The fact that the better candidate won the popular vote but still lost the election is not something to be shrugged off or glossed over just because doing so may make us feel good and/or promotes the illusion of social peace – it's something we should constantly remember and protest until justice is done and the will of the majority is recognized.  

At this point, the idea that future elections are a sure thing seems highly questionable, even dangerous.  As was the case in Germany, we might be a single trumped-up crisis like the Reichstag fire from outright totalitarianism.  Even without a crisis, there is no good reason to be optimistc.  Those who "won" the White House and Congress with a diabolical combination of gerrymandering,  voter suppression, outrageous lies, and the constant appeal to the basest instincts and fears of the voters seem certain to do all they can to further erode our democratic processes and ideals – and now they have more economic and political power than ever before to do so.  

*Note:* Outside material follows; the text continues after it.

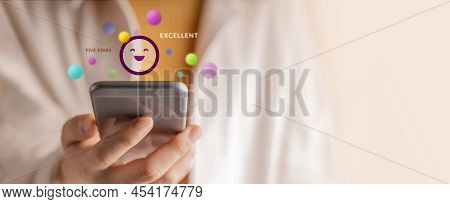 Customer Experiences Concept. Happy Client Using Smartphone To Reading Review Rating For Online Sati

Koterba's cartoon seems to ignore all these harsh realities in order to promote calmness and comfort.  

Those harsh realties demand just the opposite.  They demand cartoons and speeches and marches and much else that help keep the focus on the truth and what's really going on.  

What's needed is a call to battle – not a sedative.    

Adding Xanax to the water supply of German Jews 83 years ago would have been exactly the wrong thing to do.

Koterba's cartoon is exactly the wrong approach to take now.

We need to adopt a policy of eternal vigilance and action – not of forgive and forget.  

This may be more painful in the short run, but it might be the only thing that ends up saving us in the long run.